Phew, this is probably some of the hardest logic so far. I’m glad I got it working! The next step is to write the code that can search for the solution. At each step of the game, we can have multiple options to choose from, that can lead to different outcomes. We need to search all of these options to find the solution. If we mapped all the possible moves we would have a tree of different game states, where each state branches into one or more new states, until we either win, lose or arrive in a looping scenario. Searching tree-like data structures is a classic problem in computer science, and for this problem I chose to use an approach called depth-first search. This is an algorithm that starts at the root node and explores as far as possible along each branch before backtracking. I chose this approach because it’s simple to implement, and I don’t need to worry about the performance of the algorithm. I’m not searching a large tree, so I don’t need to worry about optimizing the search.
const isGameOver = containers => {
for (let i = 0; i < containers.length; i++) {
if (pourTargets(containers, i).length > 0) return false
}
return true
}
const runDFS = containers => {
// Validate the input containers
for (const container of containers) {
if (container.length > 4) {
throw new Error('Invalid containers, size cannot be greater than 4')
}
}
const initialcontainers = containers
// Use a stack for DFS, and initialize it with the initial state
const stack = [{ containers: initialcontainers, moves: [] }]
while (stack.length > 0) {
const { containers, moves } = stack.pop()
if (isGameOver(containers)) continue
for (let i = 0; i < containers.length; i++) {
const targets = pourTargets(containers, i)
for (let j = 0; j < targets.length; j++) {
const newcontainers = pour(containers, i, targets[j])
const newMoves = [...moves, { from: i, to: targets[j] }]
if (isWin(newcontainers)) {
console.log(newMoves)
return
}
stack.push({ containers: newcontainers, moves: newMoves })
}
}
}
console.log('No solution found')
console.log(JSON.stringify(stack.pop().moves, null, 2))
}Now I can call runDFS with the initial state of the game, and it will search for a solution.

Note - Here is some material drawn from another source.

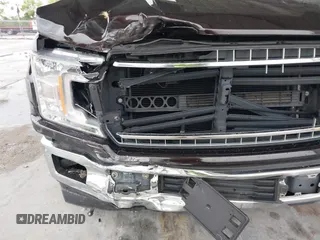 2019 Ford F-150 XL with VIN 1FTEW1CB6KKC92946, listed as a IAAI auction lot 41652249 with 133,883 mi miles and . Bid and sale history available at carsss.com. Image 6.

If it finds one, it will print it to the console. If it doesn’t find one, it will print a message saying so. The output will be a series of instructions stating which container to pour from and what container to pour into, which I can then follow to win the game.
Using our initial problem:
const problem = [[ORANGE, BLUE, ORANGE, BLUE], [BLUE, ORANGE, BLUE, ORANGE], []]
runDFS(problem)I get the following output:
[
{ from: 1, to: 2 },
{ from: 0, to: 1 },
{ from: 2, to: 0 },
{ from: 1, to: 2 },
{ from: 0, to: 1 },
{ from: 2, to: 0 },
{ from: 1, to: 2 },
{ from: 0, to: 1 },
{ from: 0, to: 2 }
]Note that the containers are zero-indexed here, so 0 would be the first container.
I can now follow these instructions step-by-step to solve the water-sort problem.
What’s next? Although the logic is sound, setting up the game state and then following the solution is really awkward and error-prone. I’d really like to be able to streamline this process by adding a UI for the solver, but thats a problem for another post!